David believes his parents chose to send him to Knutsford College because he was extremely shy as a youngster and they thought he would have an easier time there than at the local secondary school.

They didn’t realise they were sending him to a school that had been compared to Dotheboys Hall, the infamous boarding school described by Charles Dickens in Nicholas Nickleby.

His introduction to the school was to be thrown head first into a holly bush. He was ridiculed because of his unusual surname. He was driven to the verge of a nervous breakdown by a maths teacher.

And he lived in fear of a headmaster who used a riding crop to beat boys who misbehaved.

Knutsford College was described as a school for the sons of gentlemen. Its motto was “Hope is the anchor of Life” – which sounds pretty impressive until you learn that it was run by a man named Hope.

It closed in 1954 after a history of 27 years. David arrived when it was still in its pomp and was still there when it closed. He then embarked on a career in journalism, most of it in Warrington, where he founded Orbit News Ltd, publishers of Warrington-Worldwide.co.uk in 1968, now run by his son, Gary.

A number of well-known Warrington business figures, or their sons, also attended Knutsford College, including John White, of the long-running John White sports shop, Barry Cooper, who founded the coach business bearing his name, Peter Himsworth, whose family ran a jewellery business in the old Golden Square, David Bate, who ran a greengrocery business on Warrington Market for many years, Brian Bowe, whose father ran a men’s outfitters famous for its oft-repeated advert “Tom Bowe’s trousers down again” and Adam and Frank Lythgoe, of the Adam Lythgoe agricultural fertiliser business.

Were David’s parents right to consider their shy son a “No Hoper” and were they right to send him to Knutsford College?

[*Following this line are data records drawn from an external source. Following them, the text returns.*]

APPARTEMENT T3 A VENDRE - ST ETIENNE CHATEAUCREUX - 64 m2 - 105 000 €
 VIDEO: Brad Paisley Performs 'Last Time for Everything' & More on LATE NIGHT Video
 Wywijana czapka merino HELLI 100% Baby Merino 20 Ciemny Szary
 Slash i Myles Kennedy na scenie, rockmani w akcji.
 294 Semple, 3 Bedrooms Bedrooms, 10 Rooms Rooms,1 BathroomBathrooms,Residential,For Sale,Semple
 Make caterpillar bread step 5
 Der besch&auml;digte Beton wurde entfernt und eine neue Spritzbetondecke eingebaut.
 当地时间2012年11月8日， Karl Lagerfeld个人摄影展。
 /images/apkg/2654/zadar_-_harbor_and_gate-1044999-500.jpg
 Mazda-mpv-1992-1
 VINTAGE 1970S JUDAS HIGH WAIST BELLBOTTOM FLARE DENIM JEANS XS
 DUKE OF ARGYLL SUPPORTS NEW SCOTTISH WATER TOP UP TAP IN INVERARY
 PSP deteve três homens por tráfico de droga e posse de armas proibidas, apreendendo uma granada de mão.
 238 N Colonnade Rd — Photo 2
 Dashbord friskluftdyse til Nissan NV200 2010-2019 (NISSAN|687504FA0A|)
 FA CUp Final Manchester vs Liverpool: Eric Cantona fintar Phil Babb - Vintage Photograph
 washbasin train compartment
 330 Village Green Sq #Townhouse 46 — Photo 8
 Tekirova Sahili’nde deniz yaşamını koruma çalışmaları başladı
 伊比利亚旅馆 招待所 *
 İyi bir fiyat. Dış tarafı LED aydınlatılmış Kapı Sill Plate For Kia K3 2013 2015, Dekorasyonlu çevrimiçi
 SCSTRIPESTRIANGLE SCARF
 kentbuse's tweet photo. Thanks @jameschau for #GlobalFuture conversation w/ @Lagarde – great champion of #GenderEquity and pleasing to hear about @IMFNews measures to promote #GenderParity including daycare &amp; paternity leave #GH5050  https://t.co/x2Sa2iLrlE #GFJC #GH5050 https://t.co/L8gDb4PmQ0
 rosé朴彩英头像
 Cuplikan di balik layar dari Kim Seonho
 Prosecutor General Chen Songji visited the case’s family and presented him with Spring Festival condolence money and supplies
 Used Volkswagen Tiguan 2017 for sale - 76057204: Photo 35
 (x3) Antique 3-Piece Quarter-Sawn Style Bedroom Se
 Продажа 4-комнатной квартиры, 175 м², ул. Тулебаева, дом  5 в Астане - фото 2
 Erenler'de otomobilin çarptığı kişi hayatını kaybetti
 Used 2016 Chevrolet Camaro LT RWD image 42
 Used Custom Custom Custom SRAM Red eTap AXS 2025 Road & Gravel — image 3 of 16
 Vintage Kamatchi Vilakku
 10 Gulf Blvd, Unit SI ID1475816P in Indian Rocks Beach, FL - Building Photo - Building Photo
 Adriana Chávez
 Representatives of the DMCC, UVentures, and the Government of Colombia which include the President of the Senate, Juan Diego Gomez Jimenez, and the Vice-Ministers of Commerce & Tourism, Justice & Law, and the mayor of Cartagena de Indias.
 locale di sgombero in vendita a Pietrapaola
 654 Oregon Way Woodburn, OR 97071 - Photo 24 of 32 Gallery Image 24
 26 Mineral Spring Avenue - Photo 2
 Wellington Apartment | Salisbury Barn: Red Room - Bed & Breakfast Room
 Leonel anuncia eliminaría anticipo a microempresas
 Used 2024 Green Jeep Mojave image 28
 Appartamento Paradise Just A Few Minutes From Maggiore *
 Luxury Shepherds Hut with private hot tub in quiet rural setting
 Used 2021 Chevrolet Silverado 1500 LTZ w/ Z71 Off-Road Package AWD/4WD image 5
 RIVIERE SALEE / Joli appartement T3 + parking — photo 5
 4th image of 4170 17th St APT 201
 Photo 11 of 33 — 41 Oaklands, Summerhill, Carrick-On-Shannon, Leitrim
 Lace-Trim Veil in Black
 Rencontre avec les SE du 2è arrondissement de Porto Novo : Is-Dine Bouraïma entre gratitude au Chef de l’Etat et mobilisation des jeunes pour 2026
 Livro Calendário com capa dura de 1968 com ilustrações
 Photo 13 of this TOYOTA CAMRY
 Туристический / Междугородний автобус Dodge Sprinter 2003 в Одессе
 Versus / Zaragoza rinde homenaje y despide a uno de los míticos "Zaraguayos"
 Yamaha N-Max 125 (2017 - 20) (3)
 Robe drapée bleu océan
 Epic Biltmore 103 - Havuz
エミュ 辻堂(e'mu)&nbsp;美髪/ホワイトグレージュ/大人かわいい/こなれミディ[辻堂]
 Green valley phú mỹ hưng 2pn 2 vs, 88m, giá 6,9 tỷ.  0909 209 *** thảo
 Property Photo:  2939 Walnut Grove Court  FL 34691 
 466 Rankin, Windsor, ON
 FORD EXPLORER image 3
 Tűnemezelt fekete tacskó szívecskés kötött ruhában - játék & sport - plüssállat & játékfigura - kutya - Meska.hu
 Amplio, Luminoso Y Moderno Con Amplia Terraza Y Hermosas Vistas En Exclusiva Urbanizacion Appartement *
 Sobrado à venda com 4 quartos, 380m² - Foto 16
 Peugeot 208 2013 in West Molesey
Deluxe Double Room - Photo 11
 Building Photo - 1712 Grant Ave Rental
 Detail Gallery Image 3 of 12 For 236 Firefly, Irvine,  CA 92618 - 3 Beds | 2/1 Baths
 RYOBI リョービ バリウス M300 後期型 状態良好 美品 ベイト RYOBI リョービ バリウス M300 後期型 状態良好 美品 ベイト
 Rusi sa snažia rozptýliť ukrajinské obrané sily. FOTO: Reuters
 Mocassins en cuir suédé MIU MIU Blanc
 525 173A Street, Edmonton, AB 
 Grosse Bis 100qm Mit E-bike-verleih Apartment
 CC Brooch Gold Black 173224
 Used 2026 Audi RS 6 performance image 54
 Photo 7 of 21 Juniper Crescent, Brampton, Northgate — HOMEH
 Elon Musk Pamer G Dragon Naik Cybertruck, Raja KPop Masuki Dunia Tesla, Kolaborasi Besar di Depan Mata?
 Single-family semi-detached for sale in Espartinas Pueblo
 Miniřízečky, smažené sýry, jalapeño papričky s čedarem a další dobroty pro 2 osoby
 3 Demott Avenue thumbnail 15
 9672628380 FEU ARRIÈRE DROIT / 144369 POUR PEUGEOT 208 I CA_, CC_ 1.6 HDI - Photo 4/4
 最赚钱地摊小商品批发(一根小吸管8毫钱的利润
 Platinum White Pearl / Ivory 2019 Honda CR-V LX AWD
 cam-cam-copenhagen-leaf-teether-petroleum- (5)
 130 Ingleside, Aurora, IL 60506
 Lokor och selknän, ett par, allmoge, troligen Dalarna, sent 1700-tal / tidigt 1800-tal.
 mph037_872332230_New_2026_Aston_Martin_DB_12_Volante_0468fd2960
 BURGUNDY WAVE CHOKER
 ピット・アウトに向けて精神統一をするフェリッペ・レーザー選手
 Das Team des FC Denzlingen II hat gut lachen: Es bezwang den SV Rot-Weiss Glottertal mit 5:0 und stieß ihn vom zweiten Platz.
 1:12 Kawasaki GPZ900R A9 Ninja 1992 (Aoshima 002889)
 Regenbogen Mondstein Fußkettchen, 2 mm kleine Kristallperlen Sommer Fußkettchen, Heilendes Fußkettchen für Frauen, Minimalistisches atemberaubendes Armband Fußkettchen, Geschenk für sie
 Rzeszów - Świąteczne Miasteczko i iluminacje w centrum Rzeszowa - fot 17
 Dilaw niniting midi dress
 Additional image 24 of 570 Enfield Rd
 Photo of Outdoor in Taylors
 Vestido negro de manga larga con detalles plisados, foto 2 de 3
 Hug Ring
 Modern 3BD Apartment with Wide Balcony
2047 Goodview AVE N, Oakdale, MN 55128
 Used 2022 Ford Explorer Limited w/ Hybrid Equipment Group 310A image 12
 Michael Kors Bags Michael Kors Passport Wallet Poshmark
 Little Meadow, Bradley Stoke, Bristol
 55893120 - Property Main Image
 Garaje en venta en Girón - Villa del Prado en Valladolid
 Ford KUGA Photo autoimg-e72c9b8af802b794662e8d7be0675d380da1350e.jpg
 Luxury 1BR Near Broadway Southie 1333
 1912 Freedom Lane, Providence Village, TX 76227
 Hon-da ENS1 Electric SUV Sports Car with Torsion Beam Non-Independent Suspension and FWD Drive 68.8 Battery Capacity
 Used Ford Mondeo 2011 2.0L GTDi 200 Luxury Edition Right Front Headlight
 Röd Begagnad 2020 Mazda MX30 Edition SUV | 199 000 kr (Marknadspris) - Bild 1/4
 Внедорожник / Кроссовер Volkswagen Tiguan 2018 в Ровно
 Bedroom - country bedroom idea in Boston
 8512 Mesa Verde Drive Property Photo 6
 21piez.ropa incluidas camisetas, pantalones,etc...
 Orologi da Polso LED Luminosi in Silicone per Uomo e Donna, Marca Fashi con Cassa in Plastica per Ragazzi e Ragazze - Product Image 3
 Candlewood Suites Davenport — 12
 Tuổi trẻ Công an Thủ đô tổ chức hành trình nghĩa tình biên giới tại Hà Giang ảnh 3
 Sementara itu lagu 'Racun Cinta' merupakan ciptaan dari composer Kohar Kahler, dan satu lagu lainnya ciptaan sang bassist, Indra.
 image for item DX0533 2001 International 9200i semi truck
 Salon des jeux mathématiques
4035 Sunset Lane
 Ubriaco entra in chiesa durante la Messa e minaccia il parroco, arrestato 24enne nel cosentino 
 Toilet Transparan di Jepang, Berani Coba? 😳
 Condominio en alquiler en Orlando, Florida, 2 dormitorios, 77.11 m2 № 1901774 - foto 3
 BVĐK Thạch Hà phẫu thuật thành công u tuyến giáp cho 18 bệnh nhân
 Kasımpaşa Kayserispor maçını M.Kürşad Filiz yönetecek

David says: “If you had asked me that on the day I started there I would probably have been too terrified to answer. But, looking back, it was probably the best thing that could have happened to me.

“The school soon knocked the shyness out of me and I thoroughly enjoyed my school days. I have tried to tell the story in an amusing, ‘laugh-out-loud’ way.

“There are still quite few of my classmates around and you’ll be hard-pressed to find any who are not proud to be Old Boys of Knutsford College.”